INFORMATION PROVIDED:
┌──
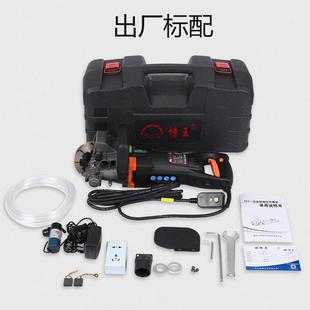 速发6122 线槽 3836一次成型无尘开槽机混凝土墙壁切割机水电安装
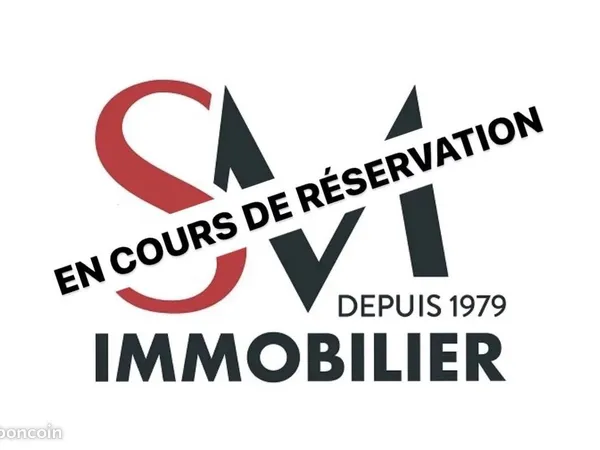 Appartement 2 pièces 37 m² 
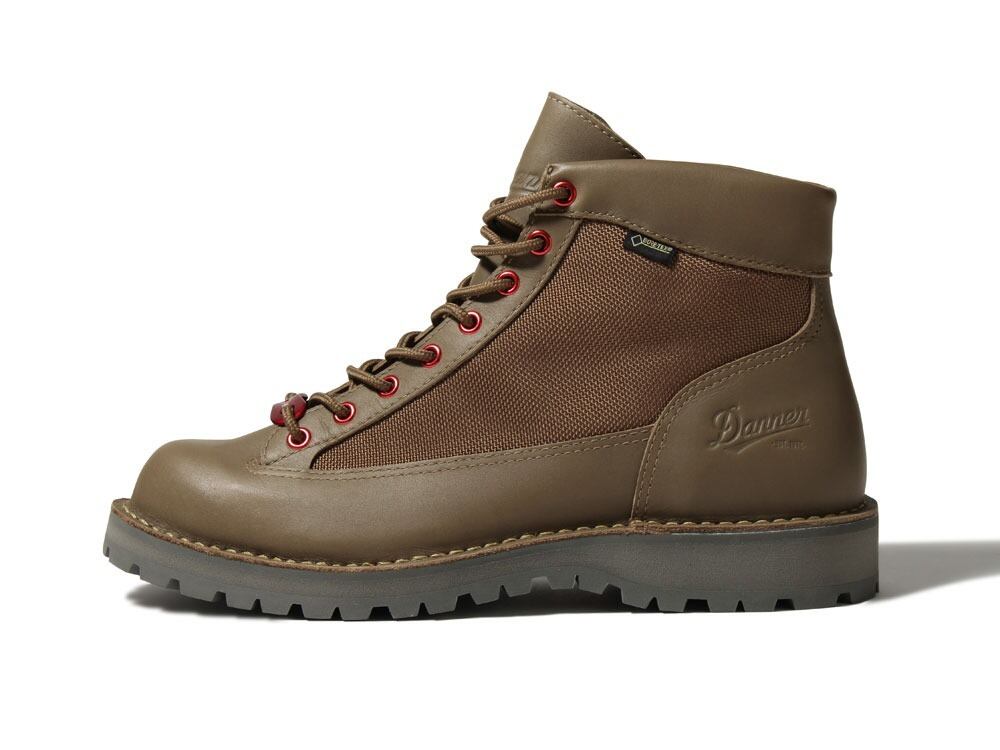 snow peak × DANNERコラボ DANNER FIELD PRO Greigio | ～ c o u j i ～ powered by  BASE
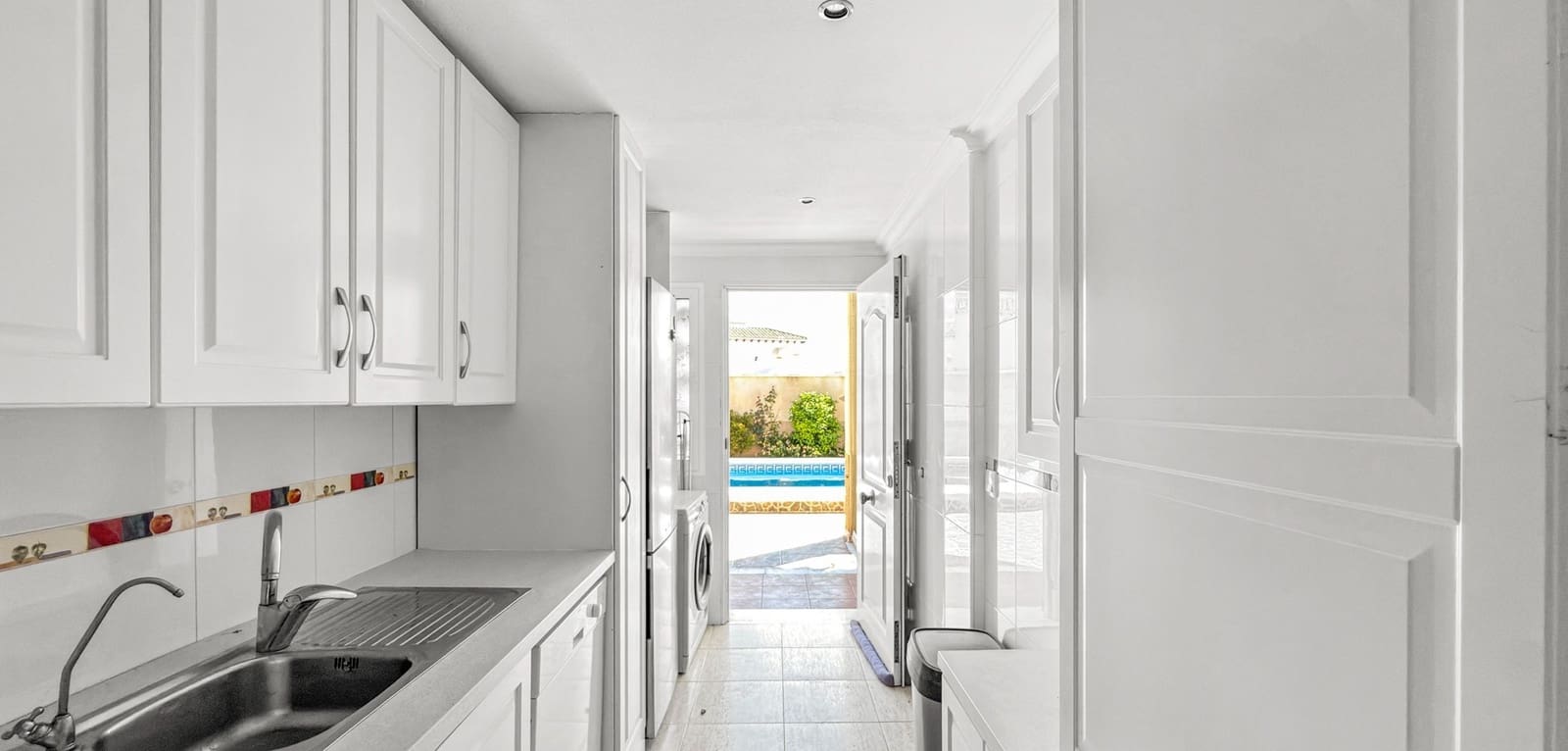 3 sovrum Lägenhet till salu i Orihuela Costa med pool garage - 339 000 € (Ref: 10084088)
└──
BRIEF: Give back the material above exactly as written, but omit the images.

TASK RESPONSE:
 速发6122 线槽 3836一次成型无尘开槽机混凝土墙壁切割机水电安装
 Appartement 2 pièces 37 m² 
 snow peak × DANNERコラボ DANNER FIELD PRO Greigio | ～ c o u j i ～ powered by  BASE
 3 sovrum Lägenhet till salu i Orihuela Costa med pool garage - 339 000 € (Ref: 10084088)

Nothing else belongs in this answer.